Thomas Horton, who succeeded Arpey as CEO, said after the bankruptcy filing in November that reductions in jobs and flights were likely. At the time of the filing, American had about 22 in-house maintenance employees per aircraft in 2007-08; Delta was at 12; JetBlue at 3.4; and Northwest at .8. At that time, American employed about 15,000 maintenance workers, compared to JetBlue’s 471.

But there’s a key difference between American’s mechanics and those at some independent MROs: Airframe and Powerplant licenses. Many of American’s current mechanics have them, and they’re the FAA standard for fixing planes. For example, according to McGee,about 4,700 mechanics at one facility with more than 6,000 employees in Tulsa, Okla. are FAA licensed.

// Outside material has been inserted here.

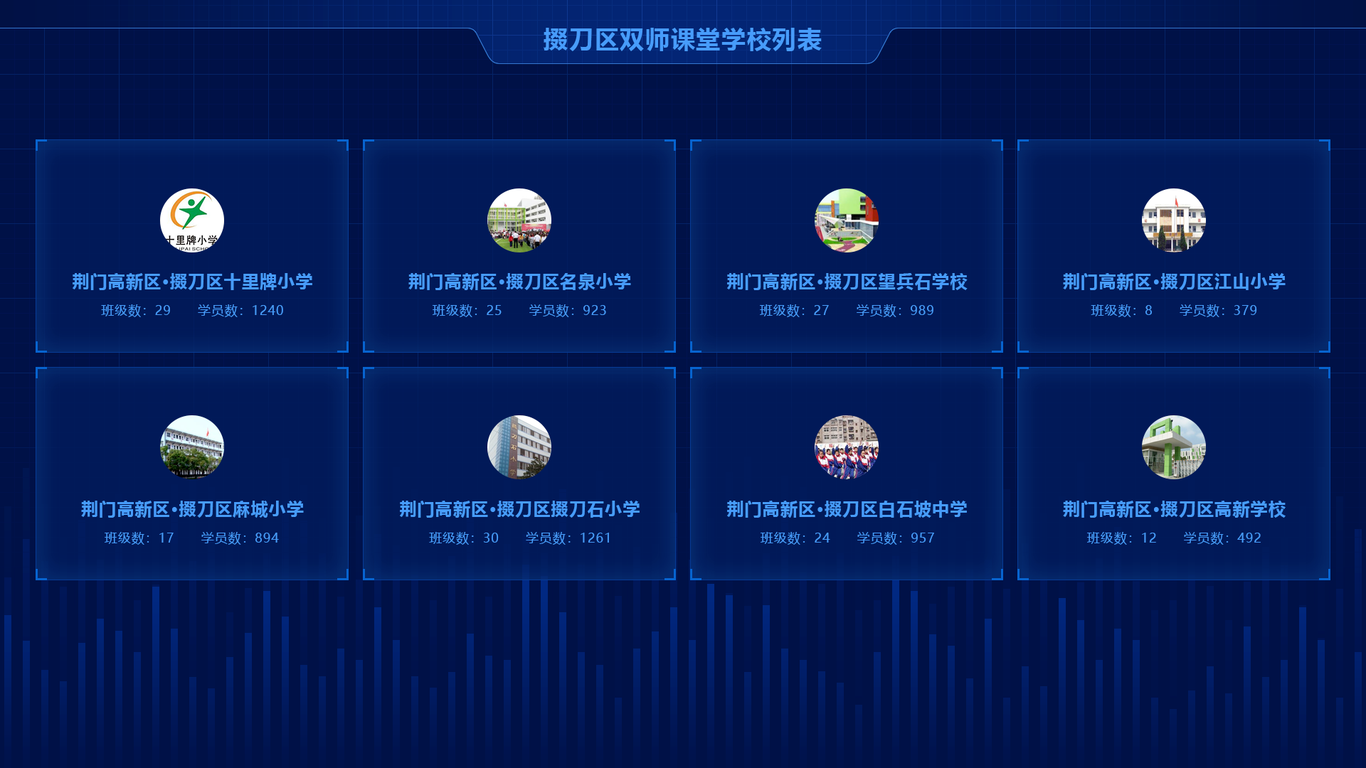 信息統(tǒng)計(jì)在線教育可視化大屏數(shù)據(jù)統(tǒng)計(jì)看板設(shè)計(jì)圖2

As FRONTLINE found in our report Flying Cheaper, the number of workers with this type of license tends to decrease at independent facilities. At ST Aerospace Mobile in Alabama, for example, we discovered that about two-thirds of its nearly 1,200 mechanics are unlicensed. Under FAA requirements, the person who signs off on the work must be licensed, but the people doing it don’t have to be. The numbers are even more dismal overseas: Fewer than 4 percent of the mechanics hold a FAA license of any kind — although their mechanics may substitute sufficient training or expertise for an FAA license.

Whistleblowers at ST Aerospace Mobile told us about numerous safety issues at the plant, ranging from incomplete work to mechanics with a limited knowledge of English. A recent report from WFAA out of Dallas/Fort Worth, echoed some of our findings.

It’s important to note, however, that American’s move to get out of the red comes at a time when air travel is remarkably safe. “2011 was among the safest years we’ve had in aviation,” William Swelbar, a research engineer at the Massachusetts Institute of Technology’s International Center for Air Transportation, told FRONTLINE. And this is “at a time when more work is outsourced than ever.”

If American’s proposed plan goes forward — the unions have vowed to fight it — some communities will likely feel the impact right away. While any cuts will first affect the actual employees, areas where there’s been heavy investment in maintenance facilities will also shoulder the burden, according to James C. Little, the president of the Transport Workers Union, which represents American’s airline mechanics and other skilled workers. In the Tulsa area, for example, American Airlines is the second-largest non-government employer. It’s estimated that facility will lose 2,100 jobs, which is about 31 percent of its workforce.

“I’d hate to see our skilled workforce be diminished in the U.S.,” said Little last week in a phone interview. “The professionals in the air are only as good as the professionals on the ground.”